PhRMA Statement on GAO Report
PhRMA Statement on GAO Report
Washington, D.C. (January 11, 2010) – Pharmaceutical Research and Manufacturers of America (PhRMA) Senior Vice President Ken Johnson today released the following statement on a report issued by the U.S. Government Accountability Office (GAO):
“Unfortunately, the GAO report focuses only on a small number of selected brand medicines rather than the entire prescription drug market. When looking at recently released national health care spending data for 2008, there was a sharp decline in retail prescription drug spending growth, leaving medicines as one of the slower growing areas of health care expenditures.

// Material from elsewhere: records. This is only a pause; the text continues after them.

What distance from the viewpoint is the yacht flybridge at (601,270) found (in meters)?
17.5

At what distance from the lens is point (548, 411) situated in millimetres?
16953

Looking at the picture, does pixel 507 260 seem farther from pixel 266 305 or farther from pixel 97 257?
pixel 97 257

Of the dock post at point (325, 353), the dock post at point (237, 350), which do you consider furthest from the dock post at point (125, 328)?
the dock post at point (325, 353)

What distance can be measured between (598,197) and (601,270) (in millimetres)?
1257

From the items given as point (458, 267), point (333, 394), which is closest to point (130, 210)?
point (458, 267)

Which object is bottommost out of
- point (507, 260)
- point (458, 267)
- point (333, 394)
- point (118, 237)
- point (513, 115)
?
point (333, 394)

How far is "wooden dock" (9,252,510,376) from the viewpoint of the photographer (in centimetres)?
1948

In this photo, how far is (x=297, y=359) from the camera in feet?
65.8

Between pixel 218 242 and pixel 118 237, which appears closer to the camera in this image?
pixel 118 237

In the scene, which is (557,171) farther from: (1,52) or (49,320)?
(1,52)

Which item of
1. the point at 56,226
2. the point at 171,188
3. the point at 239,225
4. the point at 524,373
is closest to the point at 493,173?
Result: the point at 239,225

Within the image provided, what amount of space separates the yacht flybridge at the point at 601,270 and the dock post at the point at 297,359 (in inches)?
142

“In fact, according to CMS, the 3.2 percent growth in prescription drug spending is the lowest growth rate in 47 years and well below the overall growth rate for health care.
“What’s more, in over half of the cases, according to GAO investigators, price increases were attributable to middlemen and 'appear to have originated from the company that repackaged the drug rather than the company that manufactured the drug.'
“Pharmaceutical research companies make price adjustments independently as a result of market forces, which include everything from patent expirations to the huge, sunk R&D costs which typically exceed $1 billion for a single medicine, as well as the ability of powerful purchasers to obtain large savings, benefiting patients.
“Today, prescription medicines account for only 10% of health care spending – the same as it was back in 1960. Unfortunately, medicines are always looked at as a cost and never seen as a savings, even though medicines often reduce unnecessary hospitalizations, help avoid costly medical procedures and increase productivity through better prevention and management of chronic diseases.
“Discovering and developing new medicines is an inherently risky and expensive business. Companies spend, on average, 10 to 15 years and $1.2 billion researching and developing just one innovative medicine. And for biologics, which represent the future of medicine, companies devote an additional $250 million-$450 million to build specialized R&D facilities.
“Most importantly, despite their small share of health costs – relative to other health services – medicines are yielding major health advances. For instance, prescription medicines have played a key role in the dramatic declines in death rates resulting from cancer, heart disease and HIV/AIDS in recent years. Clearly, innovation is the driving force behind medical progress.”
The Pharmaceutical Research and Manufacturers of America (PhRMA) represents the country’s leading pharmaceutical research and biotechnology companies, which are devoted to inventing medicines that allow patients to live longer, healthier, and more productive lives. PhRMA companies are leading the way in the search for new cures. PhRMA members alone invested an estimated $50.3 billion in 2008 in discovering and developing new medicines. Industry-wide research and investment reached a record $65.2 billion in 2008.